The work you did before you were married at 18 years old would, these days, be described as "child exploitation." If it occurred in someplace outside of our occidental world, it would bring down obloquy on brand owner, importer and retailer alike. They would no doubt move manufacture elsewhere, throwing many newly unemployed families into an even greater grinding poverty than previously they endured. It would at least mean the saving of some reputations, and the salving of many a western consumer conscience.
Sweat shop or not, that work gave you your identity and your dignity as a worker, a wage-earner and a provider. First to your birth family, soon after to your own new new family.

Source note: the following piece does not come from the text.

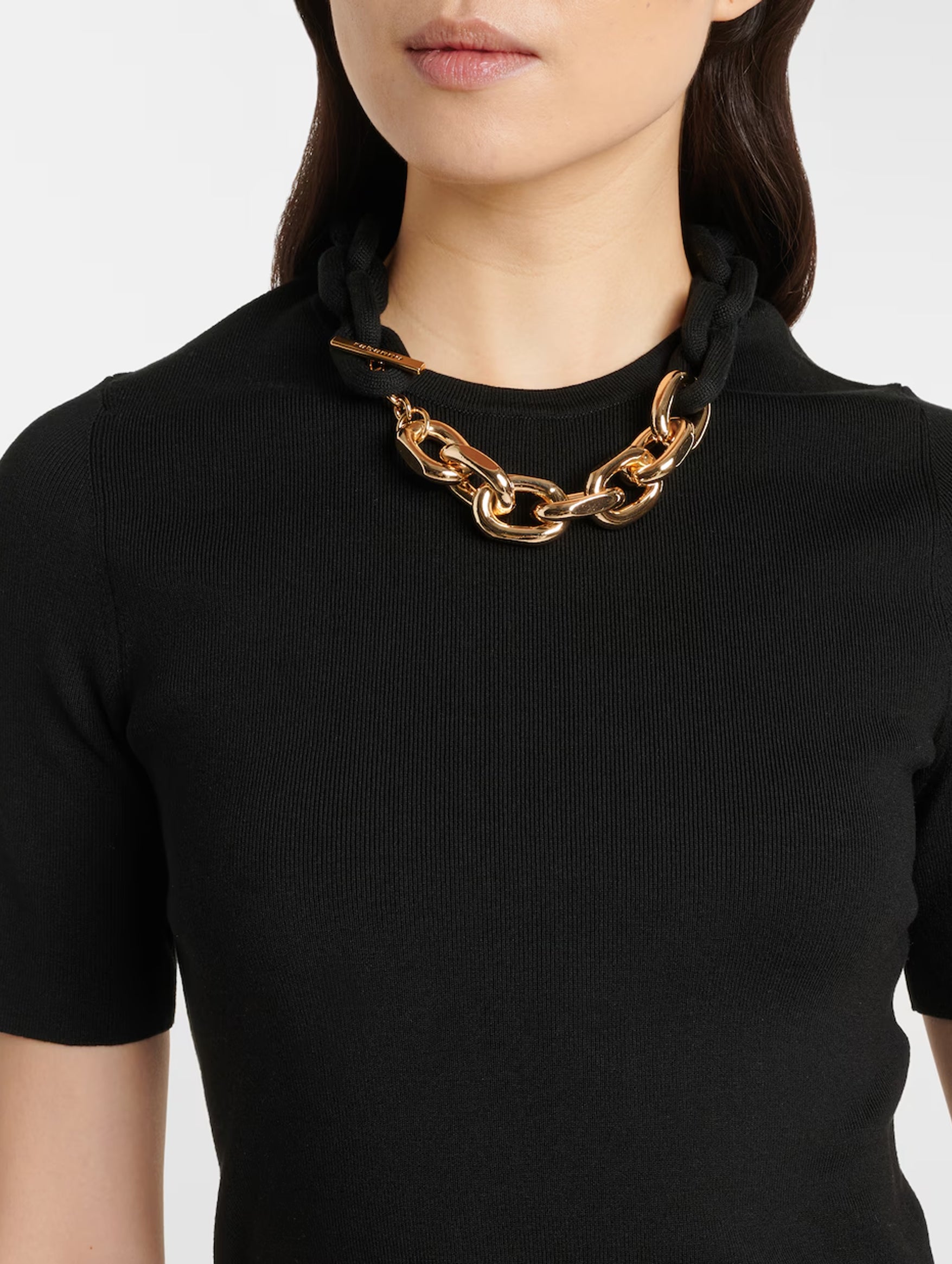 Chain Tee Shirt in Black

For, unlike the mythical housewife of imaginary history, you did not cease working at the point of motherhood. You continued in employment throughout your life, until retiring, at age 65, on a tiny pension and your life's savings. I only wish you and Dad has spent more of this money on yourselves in your twilight years. Instead, you did what you always wanted to do, leave it for us. To give us something you never had.
This working-class identity you and Dad carried with you throughout your life was not a burden. You bore it with pride, spoke of it almost as a badge of honour. When I hear soap-opera actors speaking to chat-show hosts about their "working-class credentials", it makes me want to spit. Their oh-so-working-class accents may well have their origins in class and geography but I cannot abide what I describe as "professional cockneys." I use the term to describe, not just those who culture or exaggerate a vaguely East-London accent, but all those in the public eye who have little to commend them other than their accent.
You may have been solidly working class, Mum, you may not have been ashamed of it, were rightly proud of your identity, but you would never see it as a qualification in its own right. It was just what you were.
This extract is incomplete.